START ENTRIES PROVIDED

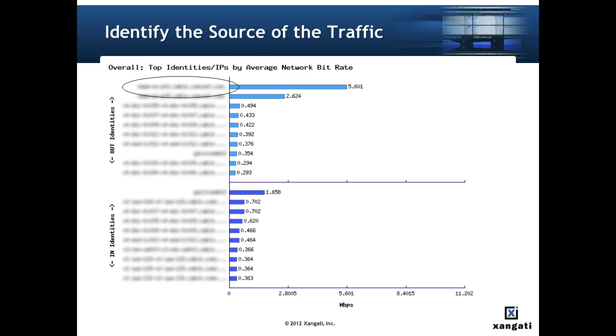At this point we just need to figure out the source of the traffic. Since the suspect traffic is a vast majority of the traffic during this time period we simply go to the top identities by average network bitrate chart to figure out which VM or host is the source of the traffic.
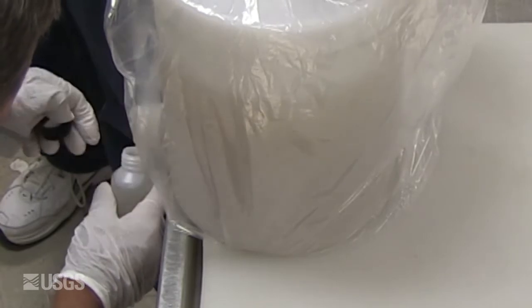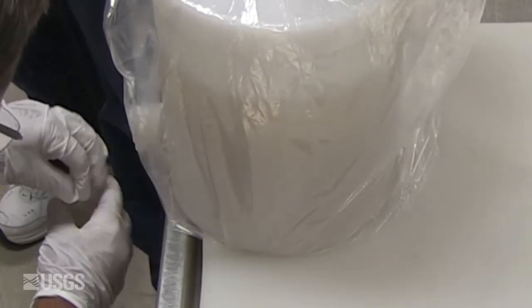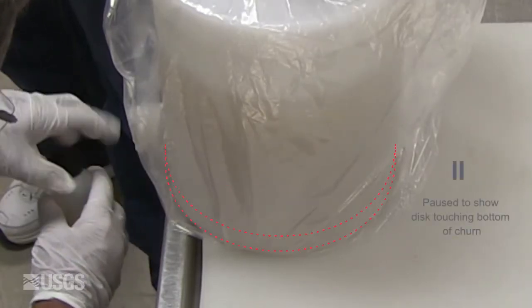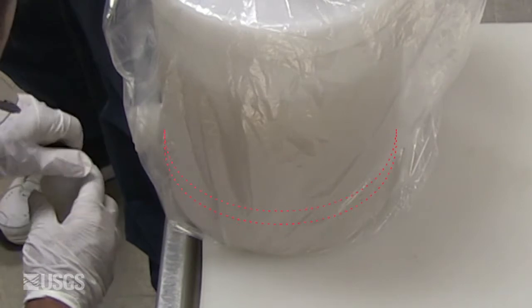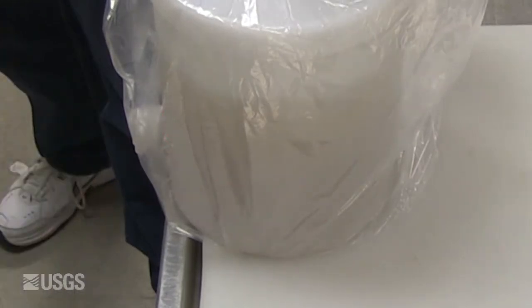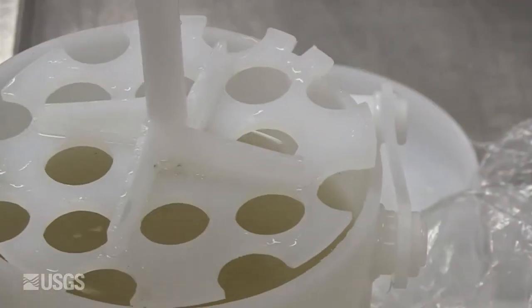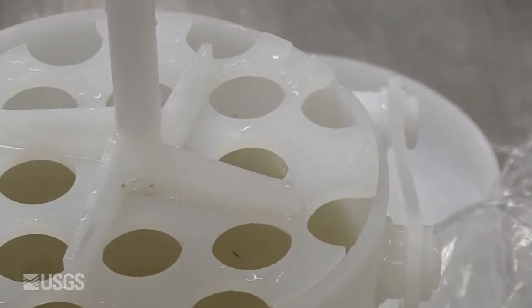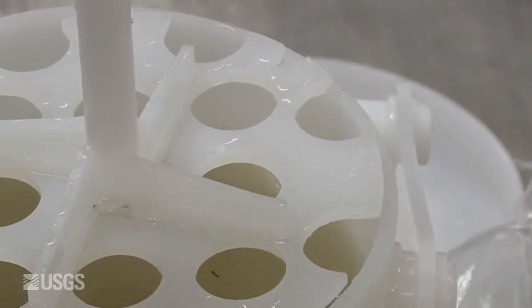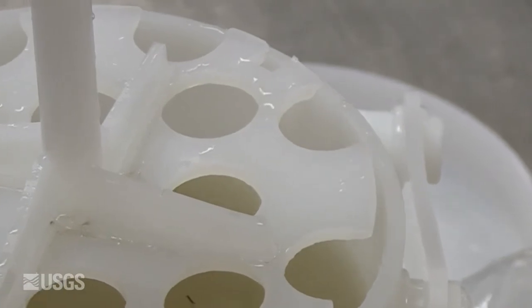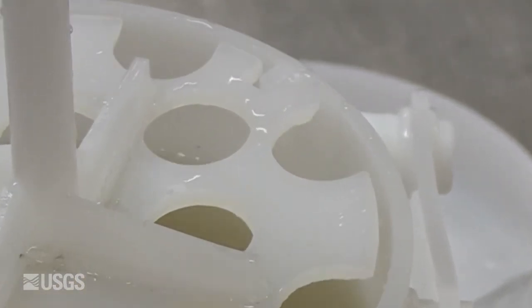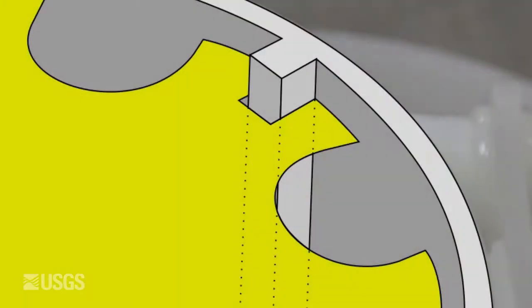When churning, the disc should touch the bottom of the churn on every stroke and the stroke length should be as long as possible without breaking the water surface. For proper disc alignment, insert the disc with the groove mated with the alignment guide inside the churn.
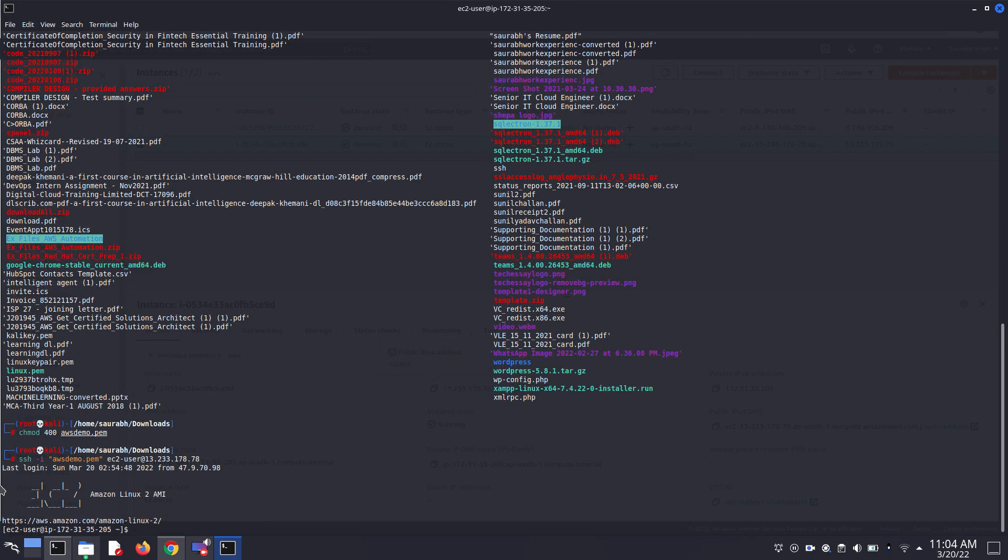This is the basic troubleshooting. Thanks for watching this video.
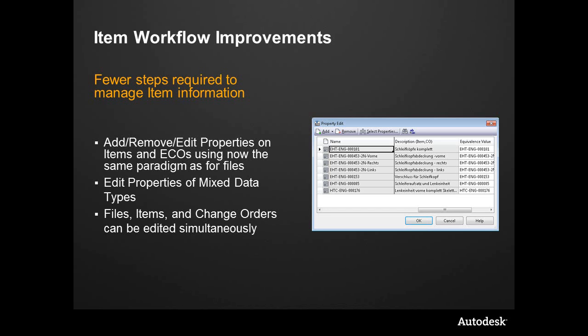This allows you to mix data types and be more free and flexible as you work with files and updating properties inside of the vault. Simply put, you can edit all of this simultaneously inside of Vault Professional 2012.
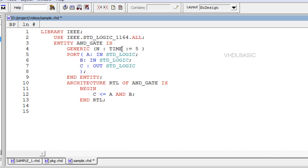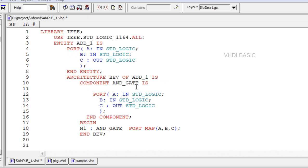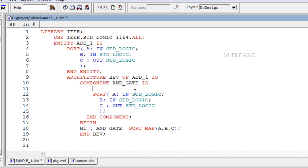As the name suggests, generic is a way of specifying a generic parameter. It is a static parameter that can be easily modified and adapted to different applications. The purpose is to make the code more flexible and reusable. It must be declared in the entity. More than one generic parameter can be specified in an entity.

END ENTRIES PROVIDED
START ENTRIES PROVIDED

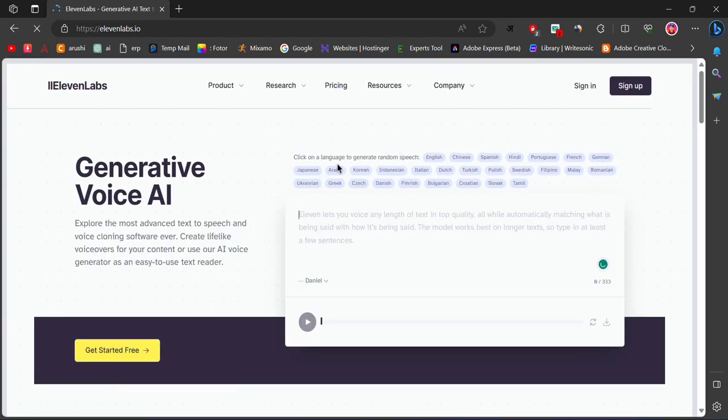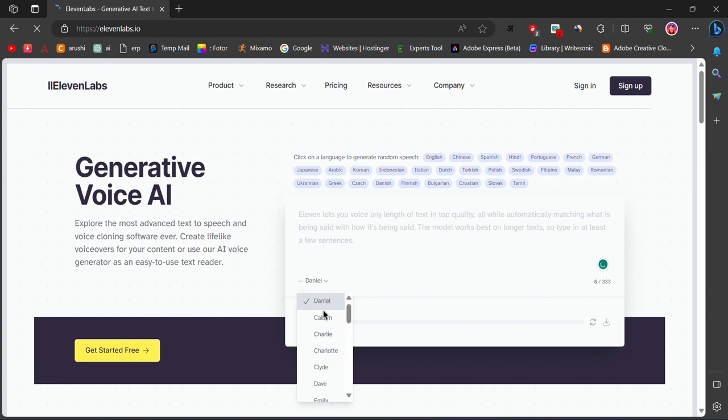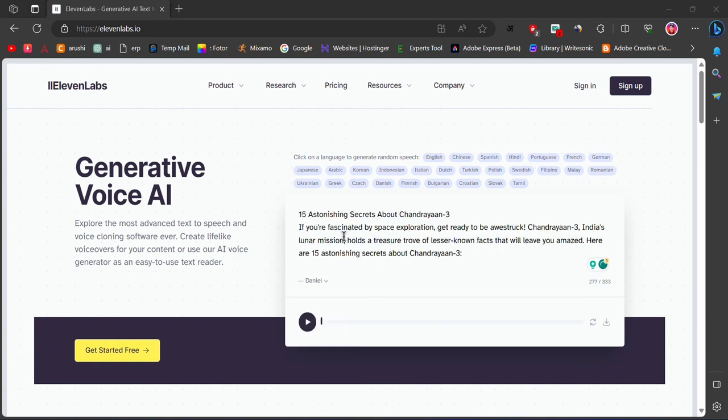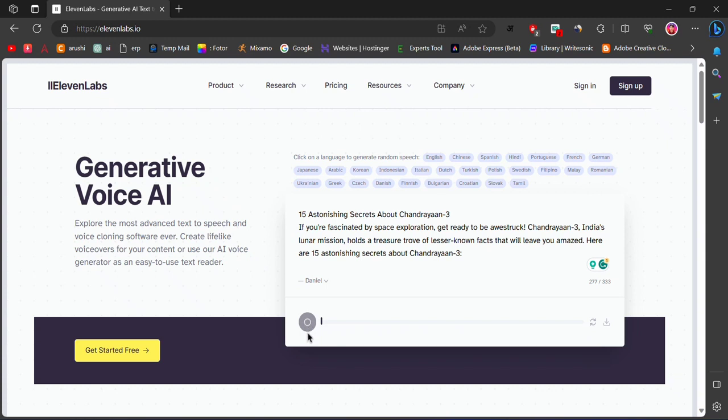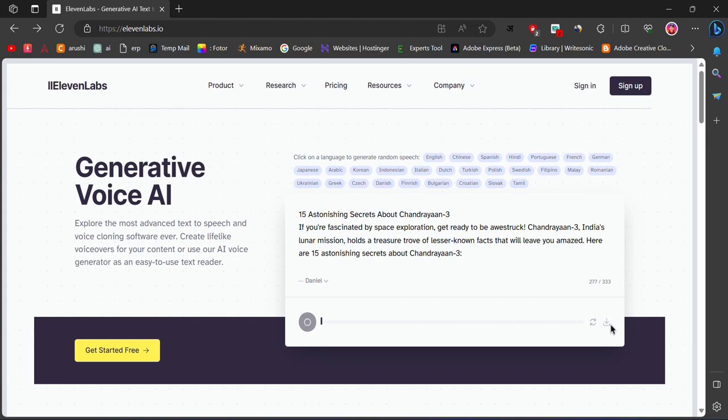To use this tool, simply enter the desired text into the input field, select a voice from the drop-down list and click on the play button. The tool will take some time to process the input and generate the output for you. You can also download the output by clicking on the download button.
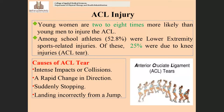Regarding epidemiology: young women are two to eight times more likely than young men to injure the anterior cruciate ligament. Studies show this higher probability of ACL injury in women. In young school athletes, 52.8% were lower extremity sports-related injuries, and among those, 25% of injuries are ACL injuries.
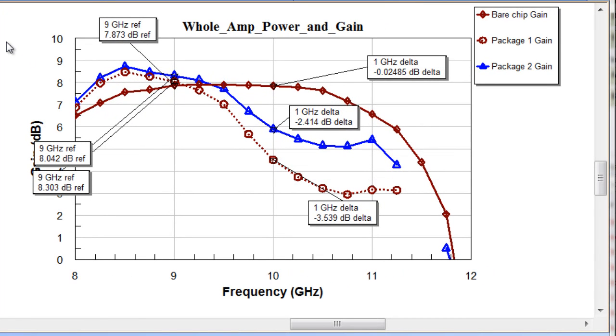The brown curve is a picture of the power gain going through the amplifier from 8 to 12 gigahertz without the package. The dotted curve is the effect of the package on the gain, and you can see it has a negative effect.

END ENTRIES PROVIDED

**TASK DESCRIPTION:** When you reach the line containing "Regarding epidemiology: young" in the entries above, begin restating word for word, and stop once the line containing "The brown curve" has been given. Omit the pictures.

**EXERCISE RESULT:**
Regarding epidemiology: young women are two to eight times more likely than young men to injure the anterior cruciate ligament. Studies show this higher probability of ACL injury in women. In young school athletes, 52.8% were lower extremity sports-related injuries, and among those, 25% of injuries are ACL injuries.
The brown curve is a picture of the power gain going through the amplifier from 8 to 12 gigahertz without the package. The dotted curve is the effect of the package on the gain, and you can see it has a negative effect.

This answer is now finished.